Glory Days
Bruce Springsteen’s 1984 iconic music album, Born in the USA, includes a song called Glory Days. In the song the artist talks about how quickly the days of glory in our lives can pass us by. The days of young strength and enrapturing beauty, the days of great physical feats, reckless actions and living with a sense of immortality, those days sprint past us like a Tesla on steroids. The fleeting days of glory in a person’s life are short lived, by design.
In one of his Psalms, King David compares the life of men to a breath and our days to a fleeting shadow (Ps 144:4). James, in his gospel, talks about life being a vapor, in one moment visible and the next gone (James 4:14) There are numerous other references in the Bible to the glory of nations and peoples “flying away”, turning into “shame” or being ruined. Human glory, like life in the flesh, appears to have a designed shelf life. It was never intended to last forever.

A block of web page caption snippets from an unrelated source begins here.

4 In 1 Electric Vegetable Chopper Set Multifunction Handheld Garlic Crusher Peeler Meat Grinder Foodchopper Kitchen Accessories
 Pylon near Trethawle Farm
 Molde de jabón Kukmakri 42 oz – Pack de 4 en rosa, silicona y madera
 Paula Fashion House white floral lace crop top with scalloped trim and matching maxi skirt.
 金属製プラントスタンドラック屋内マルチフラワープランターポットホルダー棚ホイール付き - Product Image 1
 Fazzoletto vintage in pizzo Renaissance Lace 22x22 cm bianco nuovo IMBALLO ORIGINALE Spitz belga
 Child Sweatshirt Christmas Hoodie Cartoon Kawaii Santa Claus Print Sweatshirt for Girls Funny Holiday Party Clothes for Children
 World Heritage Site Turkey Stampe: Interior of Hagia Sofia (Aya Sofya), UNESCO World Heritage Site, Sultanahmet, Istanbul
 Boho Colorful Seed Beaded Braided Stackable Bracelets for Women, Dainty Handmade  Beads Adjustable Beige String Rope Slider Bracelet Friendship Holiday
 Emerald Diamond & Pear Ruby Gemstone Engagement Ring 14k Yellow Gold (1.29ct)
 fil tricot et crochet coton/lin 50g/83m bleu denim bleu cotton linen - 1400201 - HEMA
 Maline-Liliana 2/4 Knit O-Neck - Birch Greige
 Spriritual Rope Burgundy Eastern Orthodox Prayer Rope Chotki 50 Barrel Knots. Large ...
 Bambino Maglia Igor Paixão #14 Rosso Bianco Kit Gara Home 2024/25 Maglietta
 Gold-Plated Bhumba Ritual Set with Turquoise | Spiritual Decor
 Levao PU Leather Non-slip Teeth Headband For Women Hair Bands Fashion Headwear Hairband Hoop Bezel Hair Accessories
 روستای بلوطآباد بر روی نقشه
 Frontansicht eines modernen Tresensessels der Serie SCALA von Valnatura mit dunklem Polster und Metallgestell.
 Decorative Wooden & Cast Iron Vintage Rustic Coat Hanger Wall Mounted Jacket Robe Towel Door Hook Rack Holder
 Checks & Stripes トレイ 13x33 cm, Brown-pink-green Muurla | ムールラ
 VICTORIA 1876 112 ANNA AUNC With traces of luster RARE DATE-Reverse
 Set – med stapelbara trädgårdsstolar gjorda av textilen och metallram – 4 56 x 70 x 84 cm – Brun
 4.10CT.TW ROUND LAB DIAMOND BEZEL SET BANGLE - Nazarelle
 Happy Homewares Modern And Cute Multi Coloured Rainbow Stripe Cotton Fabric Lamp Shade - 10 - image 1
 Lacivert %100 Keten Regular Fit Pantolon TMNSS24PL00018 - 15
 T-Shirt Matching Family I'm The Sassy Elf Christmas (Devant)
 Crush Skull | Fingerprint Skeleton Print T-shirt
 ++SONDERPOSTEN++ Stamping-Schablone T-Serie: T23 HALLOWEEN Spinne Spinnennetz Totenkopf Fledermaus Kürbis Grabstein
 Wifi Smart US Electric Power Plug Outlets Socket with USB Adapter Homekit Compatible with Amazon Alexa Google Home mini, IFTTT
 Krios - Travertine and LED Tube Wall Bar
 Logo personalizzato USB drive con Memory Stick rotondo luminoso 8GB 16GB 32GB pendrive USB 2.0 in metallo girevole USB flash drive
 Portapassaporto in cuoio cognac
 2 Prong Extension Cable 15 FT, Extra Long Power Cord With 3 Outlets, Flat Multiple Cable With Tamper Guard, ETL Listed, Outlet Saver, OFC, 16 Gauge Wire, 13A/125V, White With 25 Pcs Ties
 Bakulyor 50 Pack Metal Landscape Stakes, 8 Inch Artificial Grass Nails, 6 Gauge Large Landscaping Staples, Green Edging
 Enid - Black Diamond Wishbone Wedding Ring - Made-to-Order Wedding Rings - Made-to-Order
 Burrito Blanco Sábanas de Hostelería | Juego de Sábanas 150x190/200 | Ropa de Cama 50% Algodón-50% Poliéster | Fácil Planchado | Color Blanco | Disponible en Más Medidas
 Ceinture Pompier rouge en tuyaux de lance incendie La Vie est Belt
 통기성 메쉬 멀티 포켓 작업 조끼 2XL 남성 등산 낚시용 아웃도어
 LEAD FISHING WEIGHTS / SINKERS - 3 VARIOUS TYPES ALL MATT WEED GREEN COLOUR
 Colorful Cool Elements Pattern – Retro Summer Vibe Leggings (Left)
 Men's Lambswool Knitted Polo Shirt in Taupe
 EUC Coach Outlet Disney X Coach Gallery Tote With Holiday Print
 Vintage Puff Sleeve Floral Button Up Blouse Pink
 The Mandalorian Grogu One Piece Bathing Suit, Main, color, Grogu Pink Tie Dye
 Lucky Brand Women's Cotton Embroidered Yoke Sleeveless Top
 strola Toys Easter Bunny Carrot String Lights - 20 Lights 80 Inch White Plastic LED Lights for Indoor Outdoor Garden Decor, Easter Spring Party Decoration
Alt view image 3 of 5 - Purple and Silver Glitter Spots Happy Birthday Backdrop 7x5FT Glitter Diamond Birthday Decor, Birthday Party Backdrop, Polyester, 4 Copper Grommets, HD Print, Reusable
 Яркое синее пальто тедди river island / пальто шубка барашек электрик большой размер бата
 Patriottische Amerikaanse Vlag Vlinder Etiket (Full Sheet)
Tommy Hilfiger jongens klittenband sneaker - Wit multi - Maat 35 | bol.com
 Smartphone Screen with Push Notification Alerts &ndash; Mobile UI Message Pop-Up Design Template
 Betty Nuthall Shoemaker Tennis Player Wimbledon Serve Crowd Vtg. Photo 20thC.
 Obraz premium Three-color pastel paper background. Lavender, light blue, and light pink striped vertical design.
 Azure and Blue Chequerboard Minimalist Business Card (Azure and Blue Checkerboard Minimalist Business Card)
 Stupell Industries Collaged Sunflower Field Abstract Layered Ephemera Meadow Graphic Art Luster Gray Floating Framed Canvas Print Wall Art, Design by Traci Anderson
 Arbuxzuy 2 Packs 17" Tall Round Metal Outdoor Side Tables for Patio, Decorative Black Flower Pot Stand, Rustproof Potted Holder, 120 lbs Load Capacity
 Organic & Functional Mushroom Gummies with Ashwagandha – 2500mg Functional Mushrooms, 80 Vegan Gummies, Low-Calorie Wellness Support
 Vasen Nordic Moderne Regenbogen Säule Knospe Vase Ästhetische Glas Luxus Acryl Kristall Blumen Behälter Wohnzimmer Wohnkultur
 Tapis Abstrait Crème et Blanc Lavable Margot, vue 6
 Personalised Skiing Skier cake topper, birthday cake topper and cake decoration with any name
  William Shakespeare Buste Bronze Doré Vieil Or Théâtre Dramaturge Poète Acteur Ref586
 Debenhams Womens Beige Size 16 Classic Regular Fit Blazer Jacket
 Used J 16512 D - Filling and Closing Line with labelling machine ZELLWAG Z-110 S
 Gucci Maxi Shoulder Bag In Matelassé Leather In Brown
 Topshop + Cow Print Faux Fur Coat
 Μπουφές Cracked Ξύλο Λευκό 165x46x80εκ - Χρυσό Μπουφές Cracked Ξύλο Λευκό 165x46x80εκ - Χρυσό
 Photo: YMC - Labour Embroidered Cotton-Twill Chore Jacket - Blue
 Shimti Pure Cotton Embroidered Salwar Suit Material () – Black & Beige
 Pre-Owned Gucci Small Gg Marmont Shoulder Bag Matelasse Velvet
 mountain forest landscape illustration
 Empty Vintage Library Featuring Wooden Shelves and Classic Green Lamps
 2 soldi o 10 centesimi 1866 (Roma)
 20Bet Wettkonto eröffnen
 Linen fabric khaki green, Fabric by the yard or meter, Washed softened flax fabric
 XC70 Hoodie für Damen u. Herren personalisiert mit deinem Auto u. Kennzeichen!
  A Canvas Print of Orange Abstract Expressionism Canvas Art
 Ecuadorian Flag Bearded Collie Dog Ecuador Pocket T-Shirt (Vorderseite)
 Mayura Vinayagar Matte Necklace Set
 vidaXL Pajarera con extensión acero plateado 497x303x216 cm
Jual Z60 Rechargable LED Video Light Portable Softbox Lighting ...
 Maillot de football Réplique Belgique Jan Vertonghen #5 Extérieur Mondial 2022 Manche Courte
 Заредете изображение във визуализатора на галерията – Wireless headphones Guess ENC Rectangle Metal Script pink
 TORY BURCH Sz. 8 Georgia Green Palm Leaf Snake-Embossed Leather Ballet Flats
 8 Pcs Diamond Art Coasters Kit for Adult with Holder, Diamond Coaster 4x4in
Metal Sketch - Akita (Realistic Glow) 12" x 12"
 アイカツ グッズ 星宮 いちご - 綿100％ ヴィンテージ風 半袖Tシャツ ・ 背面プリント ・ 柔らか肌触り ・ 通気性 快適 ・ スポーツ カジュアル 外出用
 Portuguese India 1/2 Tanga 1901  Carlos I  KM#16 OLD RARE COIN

The inherent problem with man’s glory is its basis on a finite being. If a person is granted the power to do something worthy of acclaim, it is absolutely inevitable that time and events will wipe away the memory of that glorious act. Time passing will not remove the truth that a person did a deed worthy of accolades. But as time marches forward, without doubt, the shine on the moment will be removed, erasing the memory of the deed. In some cases, when the fancy grabs people, the act may actually be tainted to make it unworthy of praise. Glory in the flesh is doomed to become not.
But there is eternal glory. The everlasting nature of this glory is attributed to the One who possesses the glory. In fact, any true glory that has ever existed belongs to Him and is shared with man according to the Creator’s purpose. In the future forever all glory will be to the One who is truly worthy of glory. All will know that only God is glorious and worthy. All will know that no other being is worthy of glory when compared to our Glorious God.
So what glory do you seek? Man’s or the everlasting glory? Jesus sought to glorify the Father. We should follow Jesus’ lead.